# Gameroom basement flooring?



## PaulMcC (Mar 6, 2006)

my wife and I are very chemical sensitive, but need to install some form of flooring in our gameroom. We have to avoid all oil paints, and any other chemical solution at this time. We have to go with snap together flooring that will vent itself. We have a concrete floor. We had to have an interior french drain installed after Ivan. Currently, there are no more moister problems in the wall or floor. Do I have to seal the cement floor in order to put down an interlocking foam square flooring? We were told that this flooring was sealed and would resist moisture. We are concerned that maybe moisture would build up under the flooring, and would be a condensation problem? Any suggestions?


----------



## Floorwizard (Dec 5, 2003)

> snap together flooring


Which kind exactly?


----------



## PaulMcC (Mar 6, 2006)

www.easy-tiles.com They have an anti-fatigue flooring which I am interested in. I thought I could just install this directly over the floor with no need for glue. There is also another option I discovered at http://superseal.ca/index.cfm This is a dimpled membrane that can just be laid down over the floor and then carpeted overtop.
Thanks,
Paul


----------



## Floorwizard (Dec 5, 2003)

Check out Tesserea carpet tile by Milliken carpets.

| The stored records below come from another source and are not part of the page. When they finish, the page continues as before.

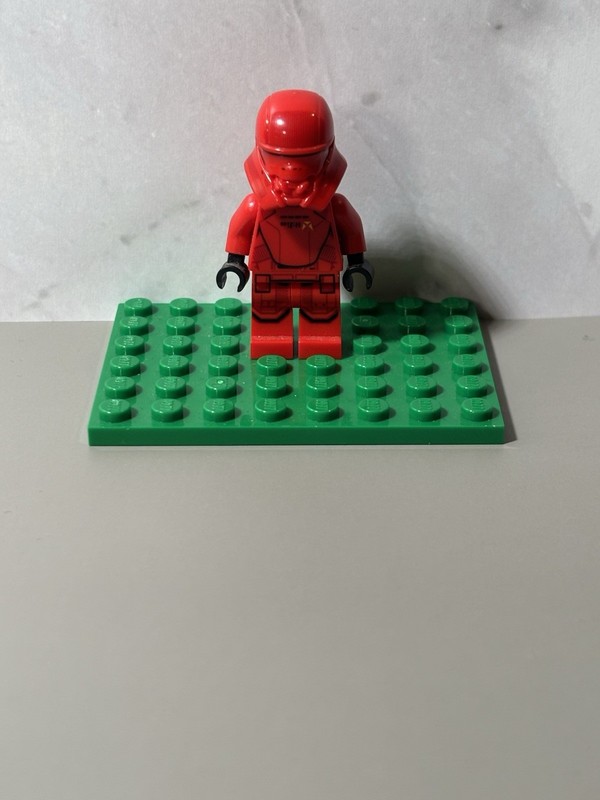 Lego Star Wars Sith Jet Trooper SW1075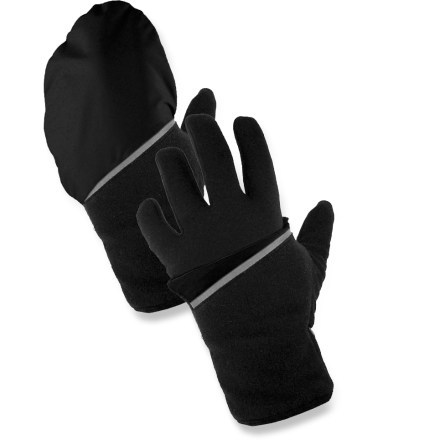 Men's Manzella Silkweight Windstopper Ultra TouchTip Gloves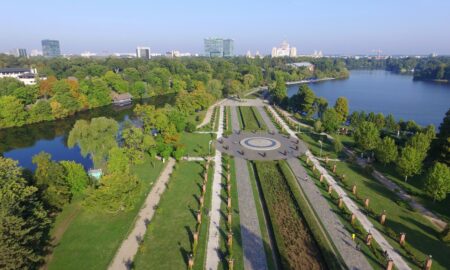 Parcul Herăstrău, sursa foto Zf.ro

a search on Google should do it.


----------



## KUIPORNG (Jan 11, 2006)

*Try what I did*

I used those big black plastic sheet which is used to surround the fundation for water proofing bought in HD, cost $124 enough to cover 400 sq ft. these sheet are not flat, but with regular pattern with plastic cylinders which will raise the flooring, in case water goes underneath for whatever reason, the water has space to travel and evapoluate to air (in theory), I then put 4x8 OSB board on top of this thick plastic. This is very similar effect as the other product Dricore, I will not say they are exactly the same, but similar, and use similar theory. I do it for my whole approx 900 sq. feet basement cost me total $540 CAD. I spend 8 hours altogether to get this done for the whole basement.

I think after you have wood subflooring, you can do carpet, tiling,..etc. with out much concern, considering the wood subflooring is water proof, which I believe it is in this case.


----------